Com 90 quilos de sardinhas na cave, à espera para lavar e salgar para a noite de Santo António, Nuno Almeida chegou cedo e ainda cansado do arraial da noite anterior. A voz rouca acusava a diferença de temperatura de que é refém durante os 14 dias de arraial da Academia de Santo Amaro, a ASA.

Os balcões abrem às sete da tarde, mas há quem se antecipe para garantir lugar sentado e nas filas que, depois, se formam duram toda a noite “como se fosse o McDonald’s”.

Todos os anos, nos arraiais da ASA, passam pela grelha da academia mais de uma tonelada e meia de sardinhas.
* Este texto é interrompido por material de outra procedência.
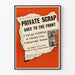 Póster vintage Private Scrap va al frente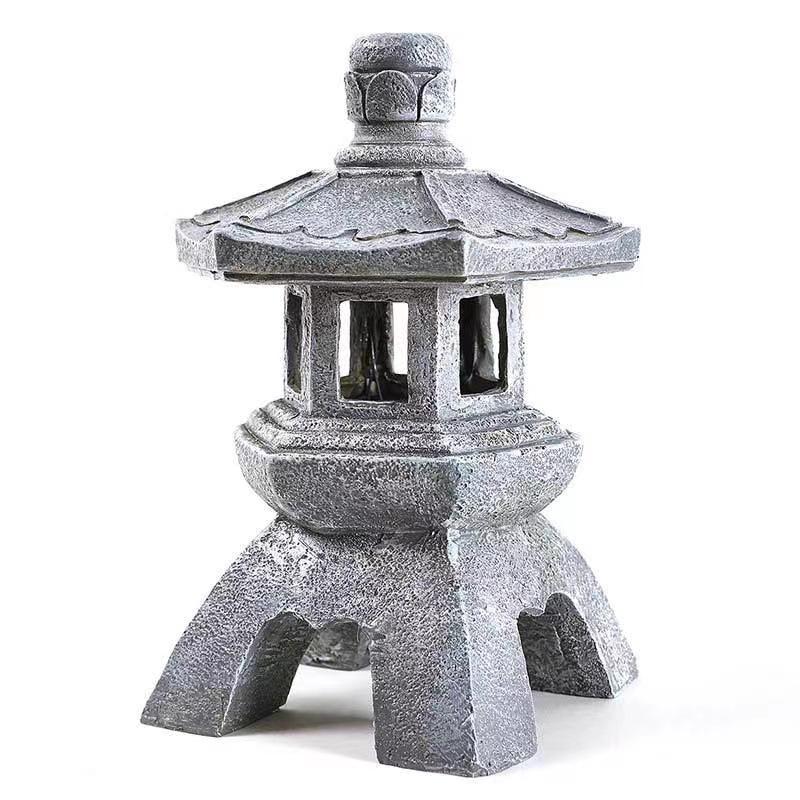 Outdoor solar lights Chinese Zen stone tower courtyard decoration garden ornaments small palace lanterns layout B&B landscape lights Solar spire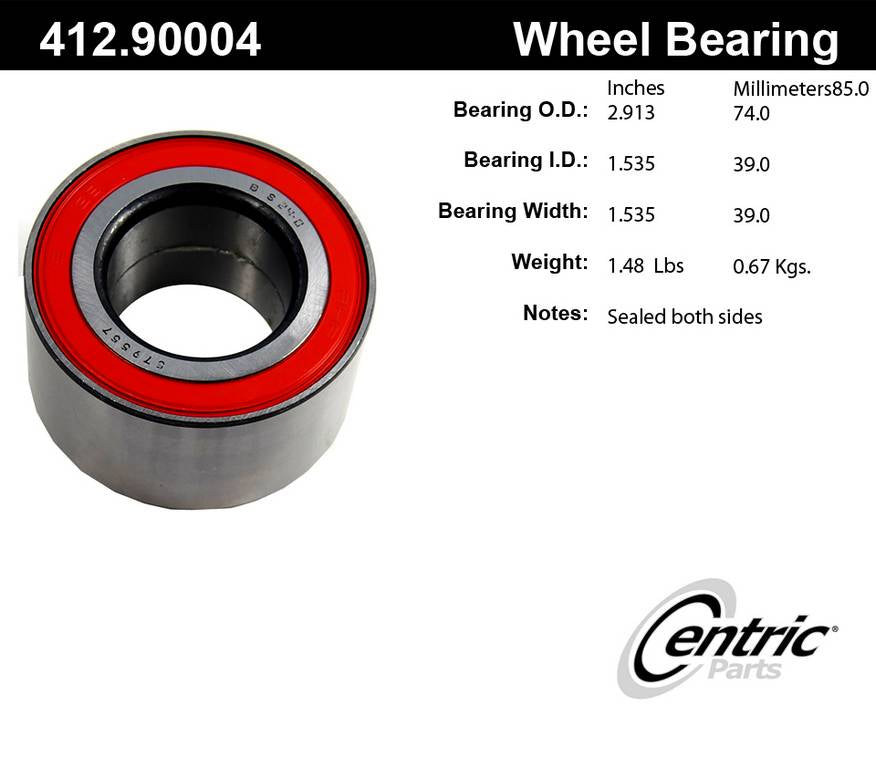 Centric Parts Wheel Bearing Standard Double Row with Deep Groove construction for 2001-1997 Cadillac Catera 412.90004E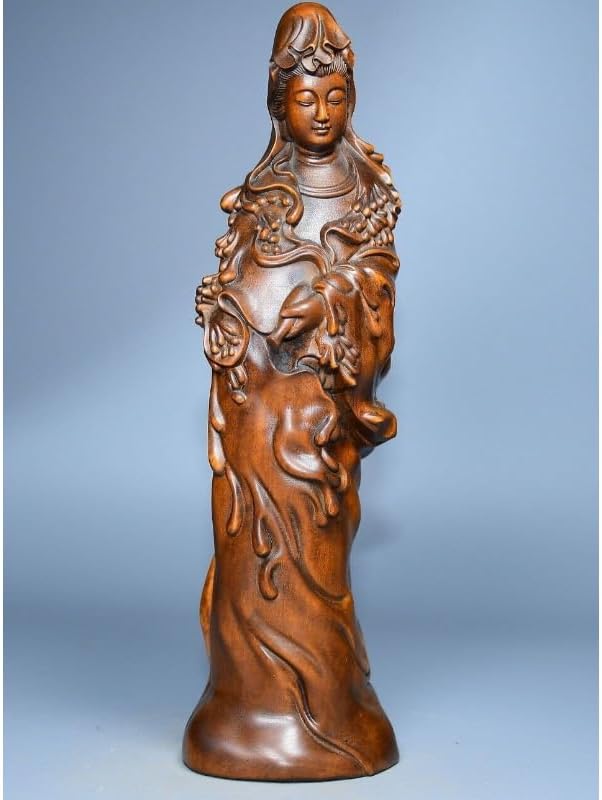 LimpaC Handcrafted Boxwood Avalokitesvara Statue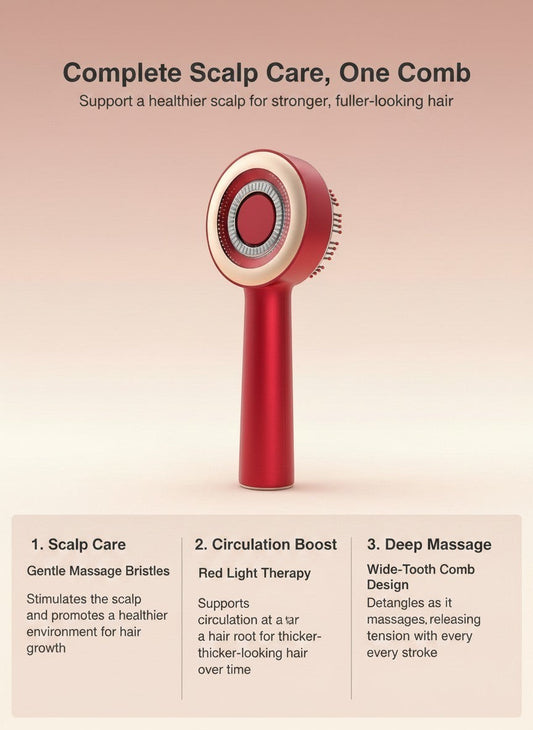 The Glow Lab red electric scalp massage comb with red light therapy and ergonomic handle for hair care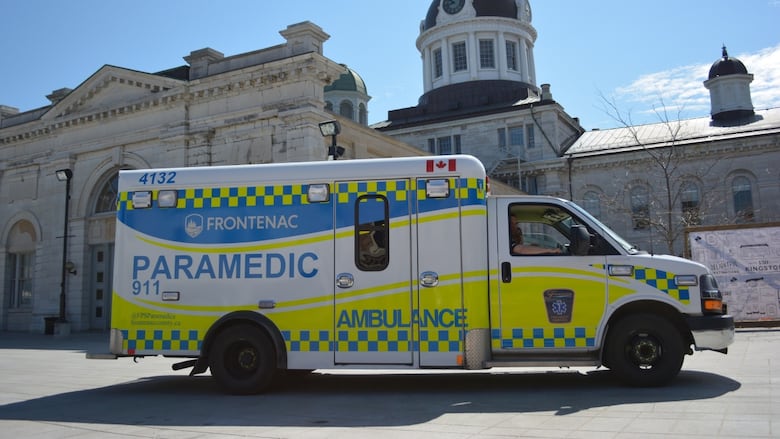 An ambulance with bright blue and red decals on its side is parked in front of a domed, grey stone building.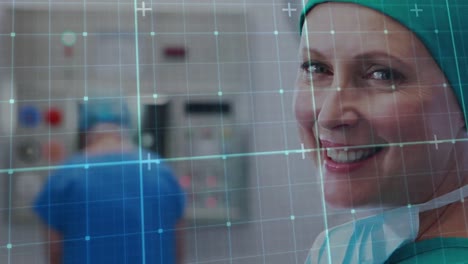Animation-of-grid-pattern-over-close-up-of-smiling-caucasian-female-surgeon-in-hospital
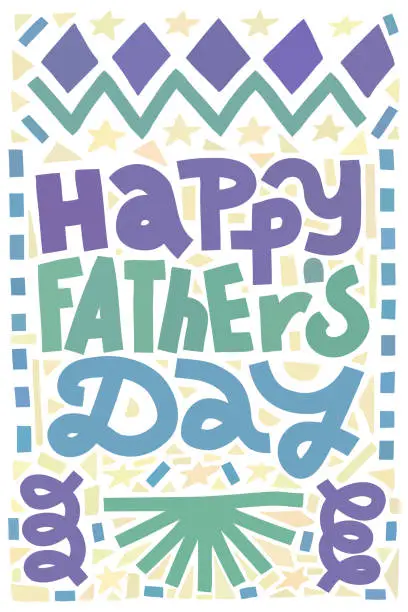 Vector illustration of Happy Fathers Day card. Vertical layout.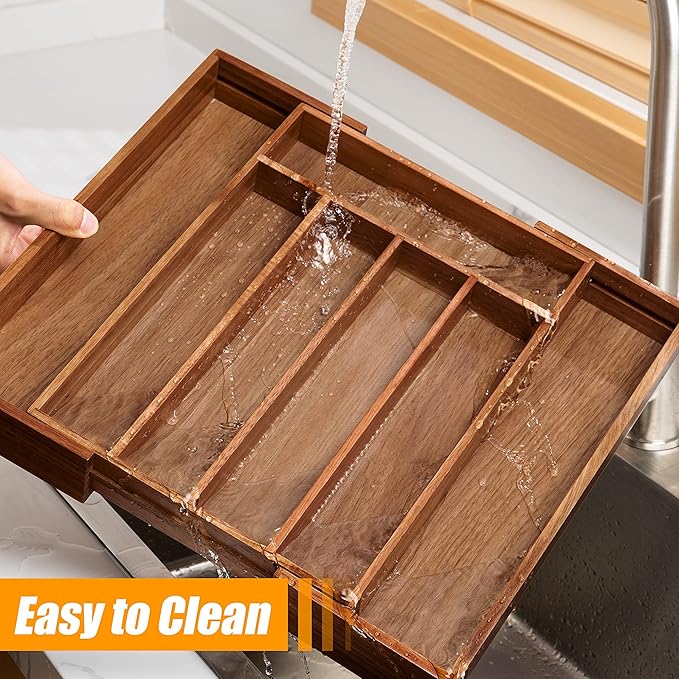 Bellsal Acacia Silverware Organizer Kitchen Drawer Organizer Expandable Bamboo Utensil Holder Cutlery Tray for Kitchen Utensil and Flatware Bedroom Office-Ruum Studio Home
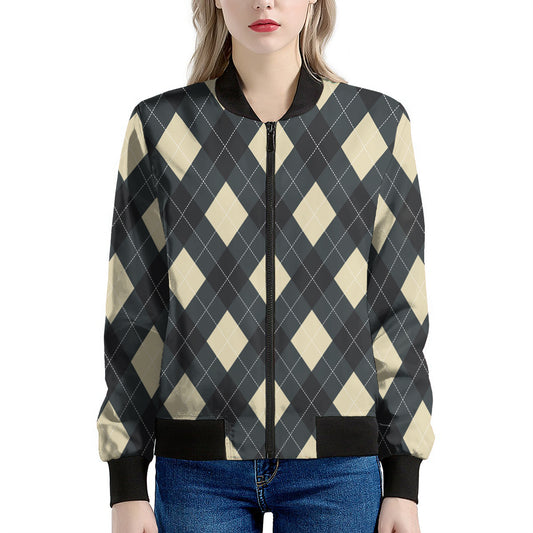 Spruce Blue And Beige Argyle Print Women's Bomber Jacket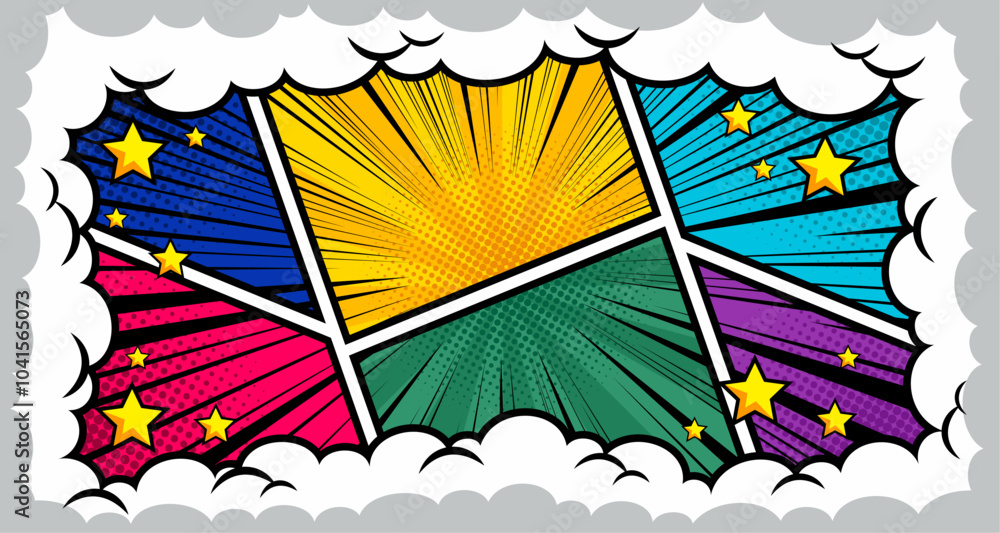 Fototapeta premium Comic background designs with various colors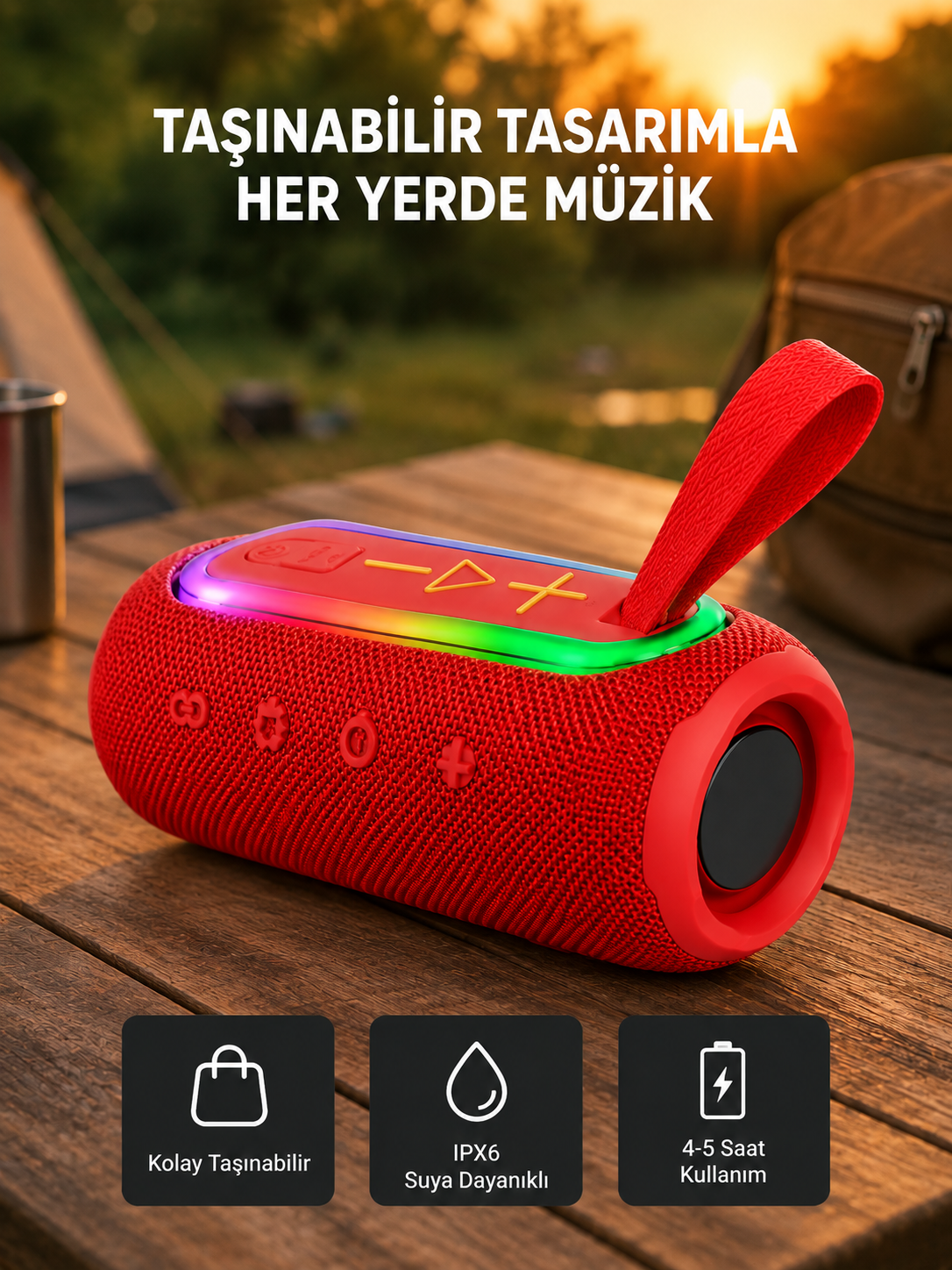 Taşınabilir Mini Bluetooth Hoparlör Güçlü Ses ve Şık Kırmızı Tasarım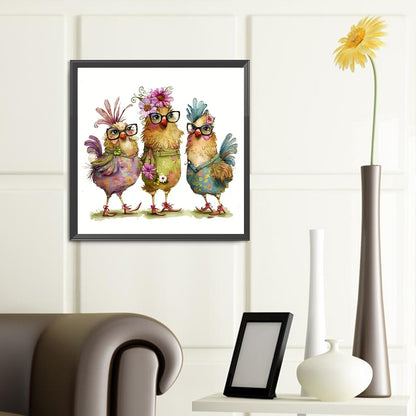 Three Chickens - Full Round Drill Diamond Painting 40*40CM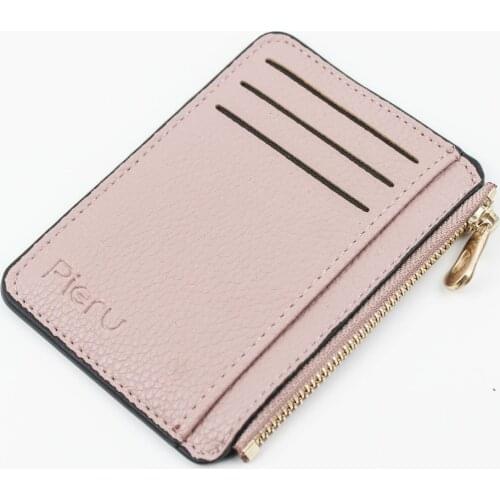 1PC Credit Card Holder Men Women PU Leather Wallet Zipper Business Mini Card Bank Cardholder Money Bag Clips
Vídeo: Inês Leote

Com uma fome que não dá tréguas, é difícil conseguir fazer pausas até para “molhar a boca”, e Nuno, diz, bebe a cerveja como se fosse a última do deserto, antes que passe a galão naquele calor.

É dessa azáfama que gosta e dispensa ficar a “pastelar, ver o lume a queimar”. Vestido à pirata, com um lenço que virou tradição entre a equipa da brasa, diz que sozinho não segura aquele barco – “isto é muita união aqui dentro”, principalmente nos dias em que se coordenam mais de 40 pessoas para velar os Santos.

São piratas que não se atiram ao mar, mas dominam o que o mar lhes trouxe à grelha. E na noite de Santo António acenderam-se os três assadores para aviar sardinhas às centenas. Se não houver bifanas a grelhar, são 160 sardinhas que assam ao mesmo tempo.

Os piratas da brasa: Miguel Oliveira, Nuno Almeida, Paulo Almeida e Carichas Albuquerque. Foto: Inês Leote

Sócio da ASA há mais de 25 anos, Nuno recorda que chegou à equipa deste arraial para lavar pratos. Agora, soma mais de 20 anos de grelha na mão e este mês quer ver passar pelas suas mãos, de dedos já queimados ao sétimo dia de festa, mais de uma tonelada e meia de sardinhas que estão encomendadas.

É uma jornada que começa com uma prova de sardinhas para escolher a mais saborosa antes da encomenda. A partir daí, Nuno sabe que o esperam pelo menos dois meses sem conseguir voltar a comer sardinhas – “é tanto dia a ver passar o mesmo que perdemos o apetite, mas as pessoas não se cansam”.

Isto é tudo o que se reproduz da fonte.